Still, Republican timidity wasn't the only reason Democrats held back the Republican tide. Credit is also due to

Democrats' unprecedented get-out-the-vote effort, funded with money from trial lawyers and union dues, and targeted at union members and African Americans.

This effort considerably boosted the number of union members and blacks voting in a number of tight elections. In a 45 percent black Georgia congressional district, Democratic votes jumped from roughly 72,000 in 1994 to over 100,000 in 1998-an increase that accounted for a fifth of the Republican gubernatorial candidate's margin of defeat. All told, unions, trial lawyers, and large Democratic donors spent tens of millions of dollars on unreported, untraceable efforts to mobilize voters.

They did this because they know the stakes: their political lives. A specter haunts Democrats: If Republicans win the presidency along with the House and Senate (and redistricting will likely give Republicans an additional 15 or more House seats in 2002), then the GOP could pass tort reform-taking a $5-l0 billion a year bite out of trial lawyer fees. The Republicans could also prevent unions from using members' dues for politics without the worker's permission, costing labor activists at least $2 billion a year. And changing the way federal funds flow to our big cities to ensure monies go directly to students, tenants, and the poor-rather than flowing through the Democratic party's precinct workers-would cut off hundreds of millions of dollars now flowing to the Democrats.

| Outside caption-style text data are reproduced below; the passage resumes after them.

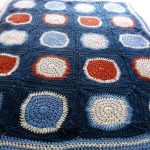 Knitted blanket of squares with a blue background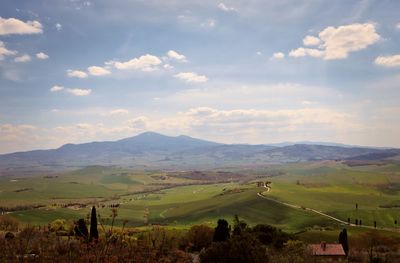 Scenic view of agricultural field against sky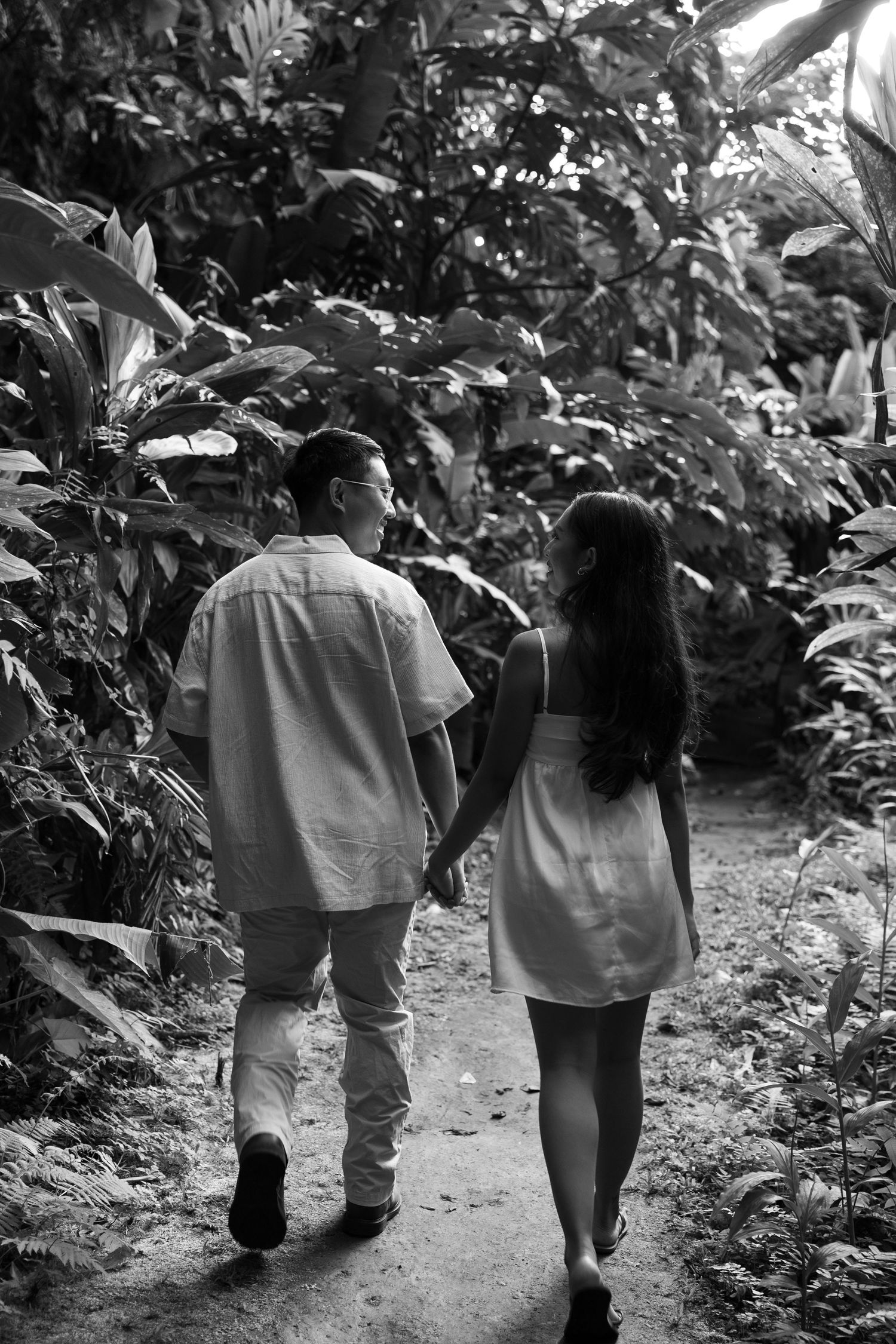 A couple walks hand in hand down a path surrounded by tropical foliage in black and white.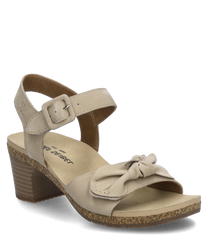 Sandale beige avec fermeture velcro et nœud décoratif. La chaussure a un talon bloc de hauteur moyenne avec un aspect liège et est fabriquée en matériau lisse.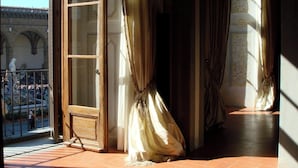 A room with a large window, a door, and a view of a public square with statues.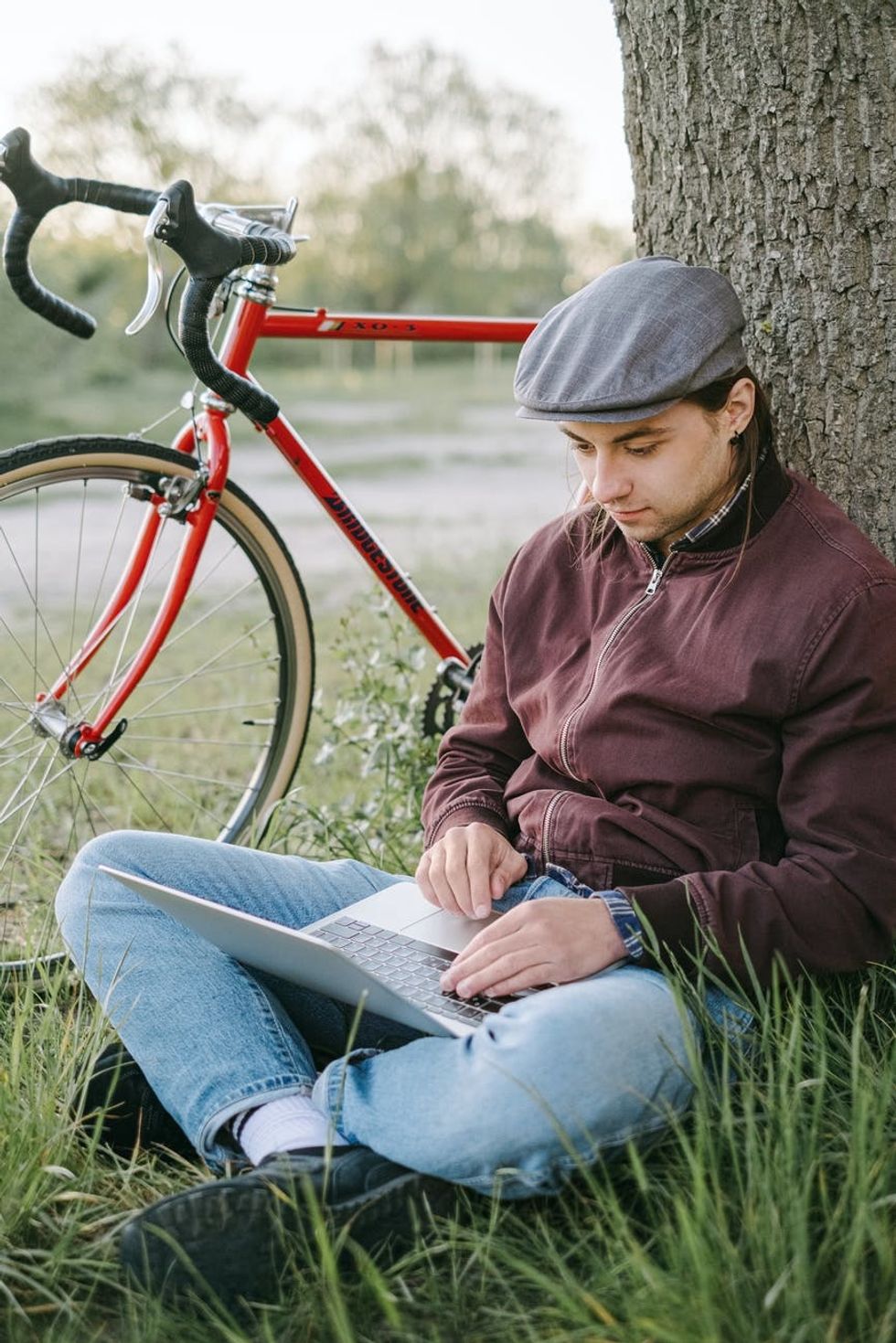 man sitting under a tree with his laptop and bike in the background.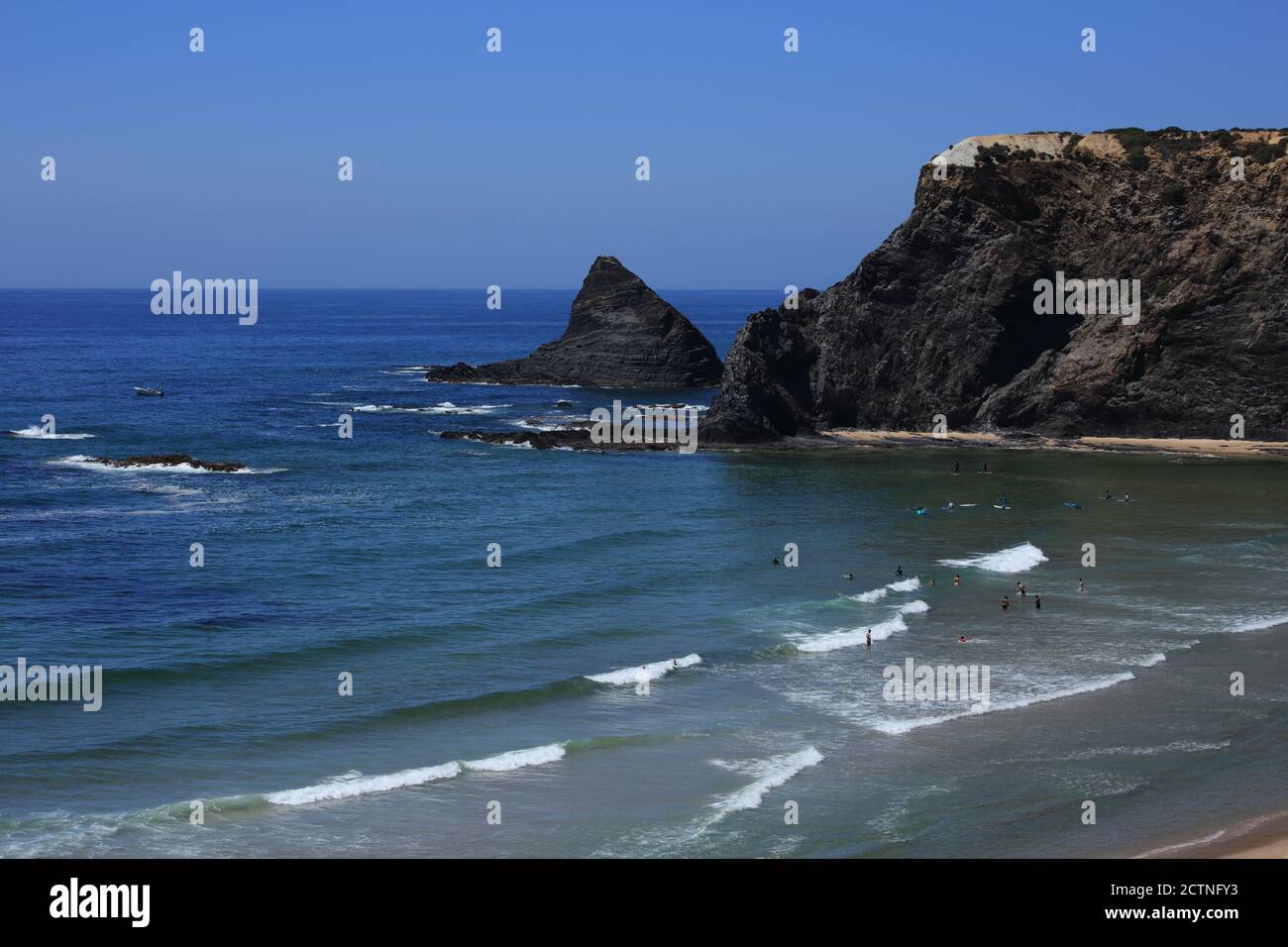 Portugal, Algarve Region, Odeceixe, South-West Alentejo and Vicentine Coast Natural Park cliff top view of the waves washing onto Odeceixe beach. Stock Photo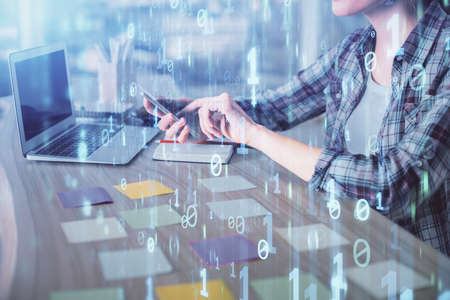 Multi exposure of woman hands working on computer and data theme hologram drawing. Tech concept.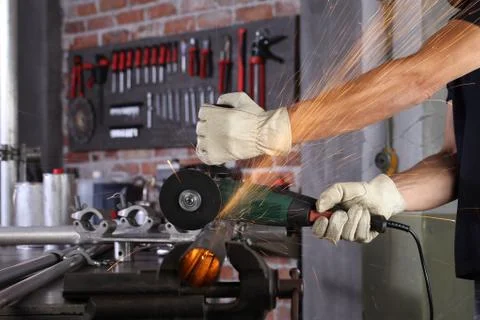 Hands man work in home workshop garage cut metal pipe, with construction glov Stock Photos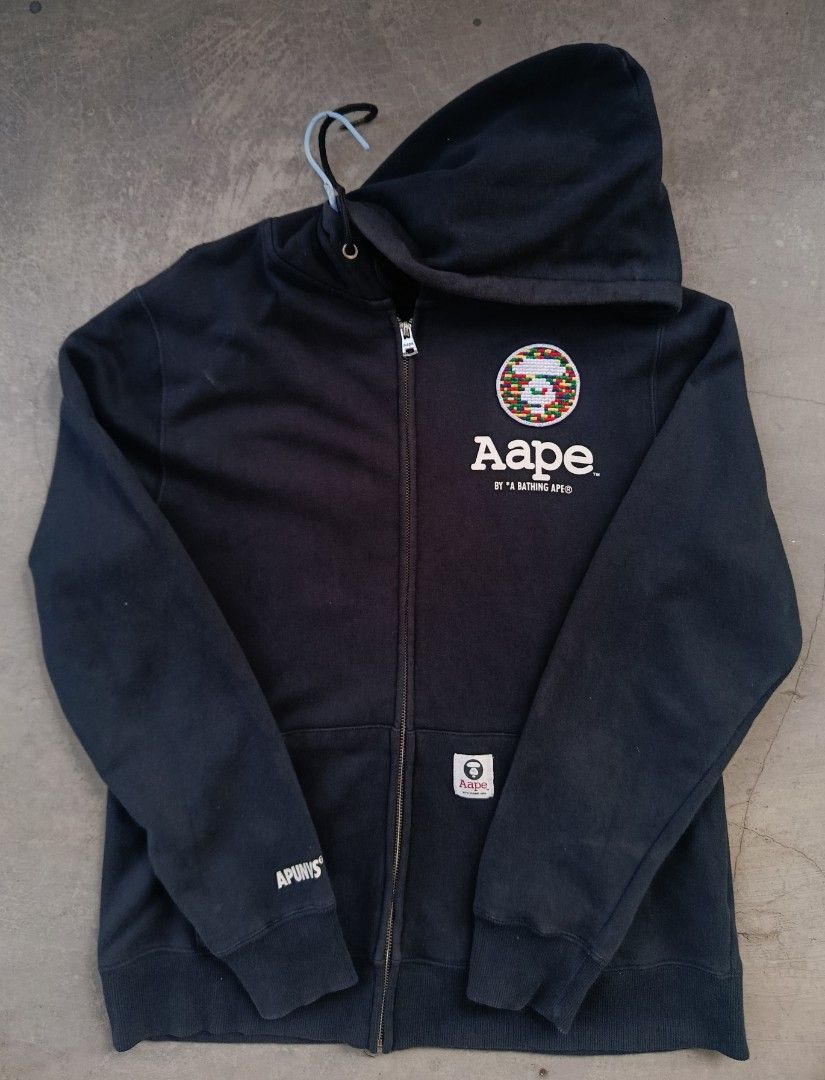 Aape by A Bathing Ape Zip-Up Hoodie (Category: Coats, Jackets and Outerwear) located in Manila. Submitted by dredvillag58696 (Listing ID 1436168733, Image 2). Description: DIMES: W20 L27 ISSUE : CUT NECKTAG COLOR RATE 9/10 - Aape by A Bathing Ape black zip-up hoodie. - Features a front logo patch. - Small Aape logo on the pocket. - Aape logo printed on the back. - Aape logo zipper pull. - Hood with drawstrings. - Two front pockets..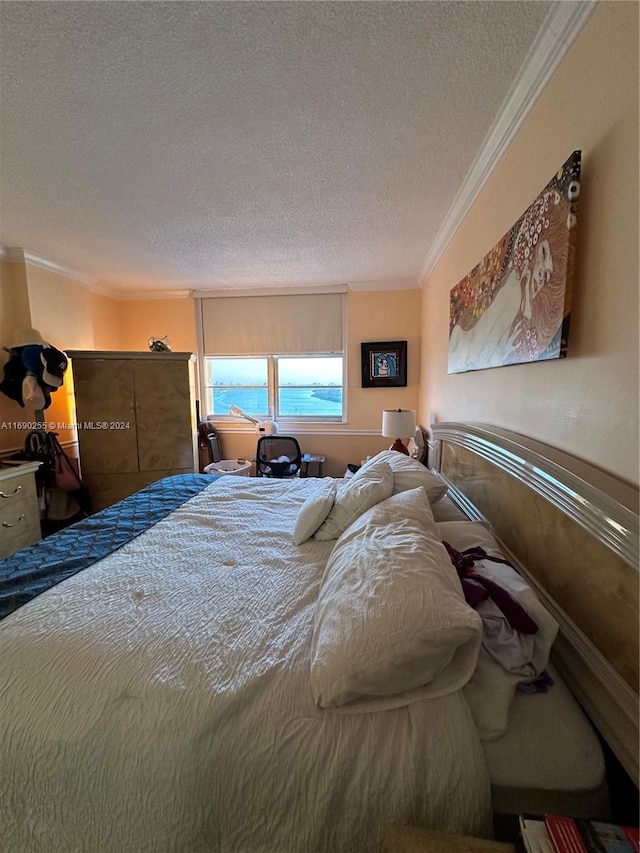 bedroom featuring ornamental molding and a textured ceiling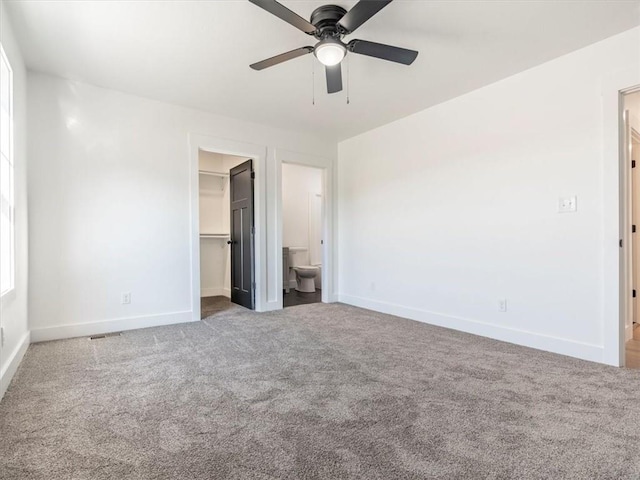 unfurnished bedroom featuring carpet flooring, ceiling fan, a spacious closet, connected bathroom, and a closet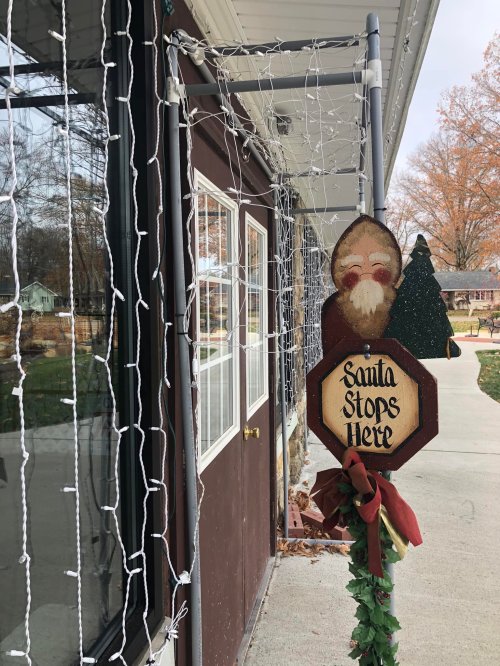 A festive sign reading "Santa Stops Here" next to a door, adorned with holiday lights and decorations.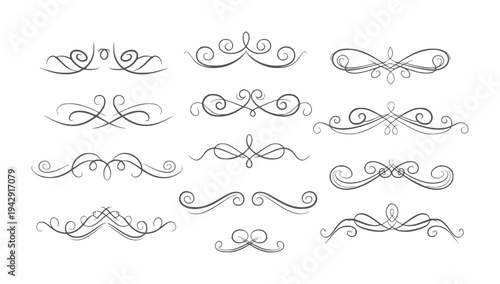 Collection of dark grey decorative flourishes and swirls white ornate vintage
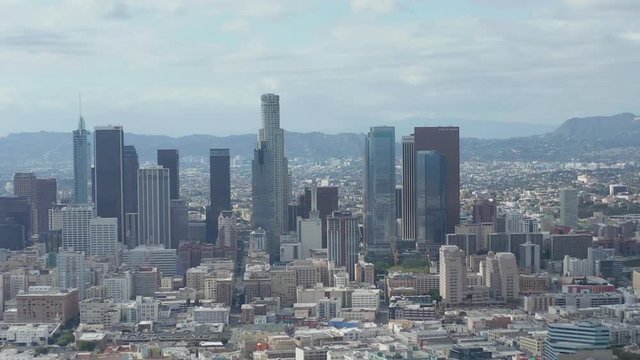 AERIAL: Slow Side Shot of Downtown Los Angeles Skyline with Warehouse Art Distrct in Foreground with Blue Sky and Clouds 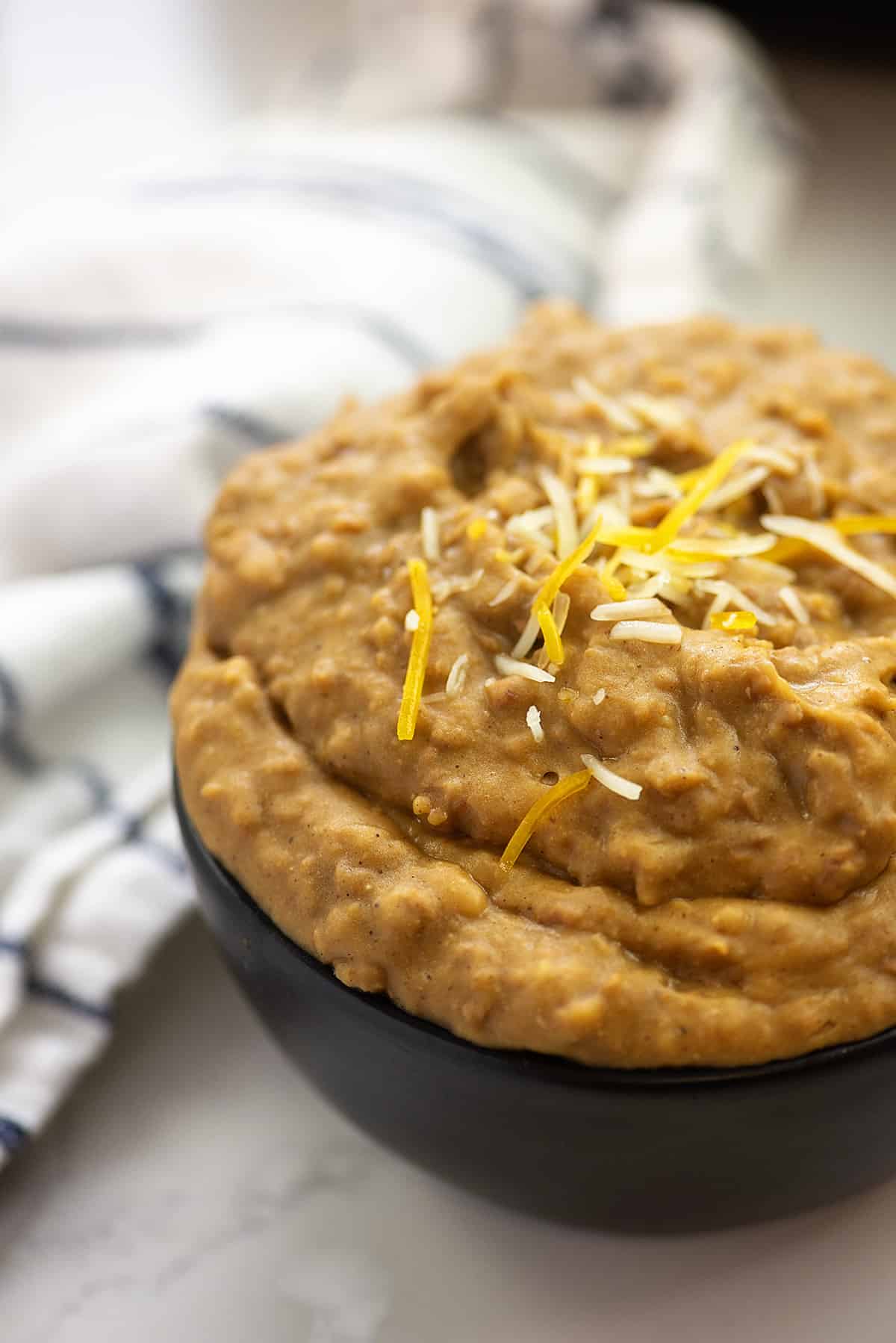 Black bowl filled with refried beans.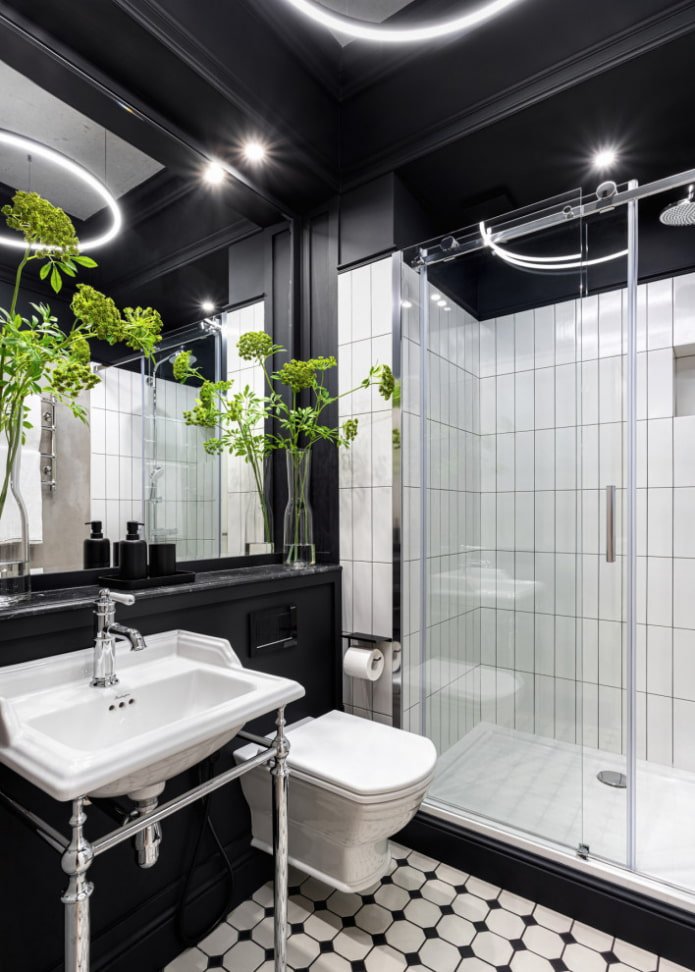 Baño en blanco y negro con pintura y azulejos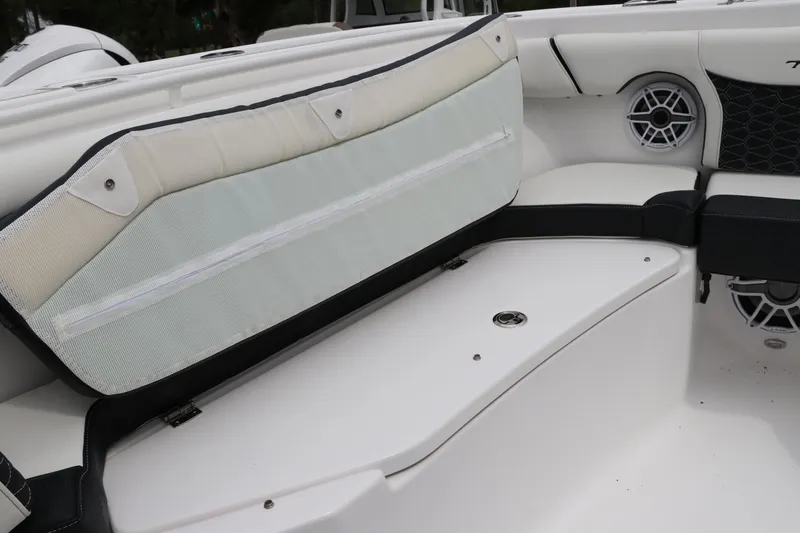 Slide: The Image of 2024 Tidewater 256 LXF boat interior with cushioned seating and speaker system. - 36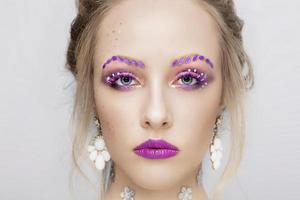 The face of a young girl. Model with purple make-up. Fancy eyebrows.Woman portrait close. photo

So far, Bill Clinton has made institutional reforms like these impossible. If that blockage were lifted, long-delayed measures could pass that would result in a liberation of American politics from a half-century-long liberal stranglehold. So no one should be surprised by the racist ads run by Missouri's Democratic party suggesting Republicans want to burn down black churches, or by the Democrats' phony "pollsters" who called retirees to plant the idea that voting Republican would mean that Social Security checks wouldn't arrive next month. For the fact is, contemporary liberalism would not survive losing control of both the presidency and the Congress for even a two-year period. The good news for Republicans is that their core issues remain popular. They will succeed if led by a presidential candidate able to motivate common sense middle-class Americans to show up at the polls and outnumber the voters ginned up by desperate Democrats. The natural place for Republicans to build some enthusiasm for their agenda is at the state level. In Washington, Bill Clinton will veto GOP reforms on issues like taxes and school choice. But similar efforts to give citizens greater control over their own lives, improve education, reduce taxes, eliminate racial preferences, and reduce spending can be enacted by Republicans in state governments. Today there are 14 states-including Arizona, Colorado, Florida, Kansas, Michigan, New Jersey, Ohio, and Pennsylvania-where Republicans control the governorship and both houses of the legislature.

With real achievements from our regional capitals, and a presidential candidate drawn from the ranks of America's 31 Republican state executives, the GOP can offer voters in 2000 a choice between proven success and throwback tactics.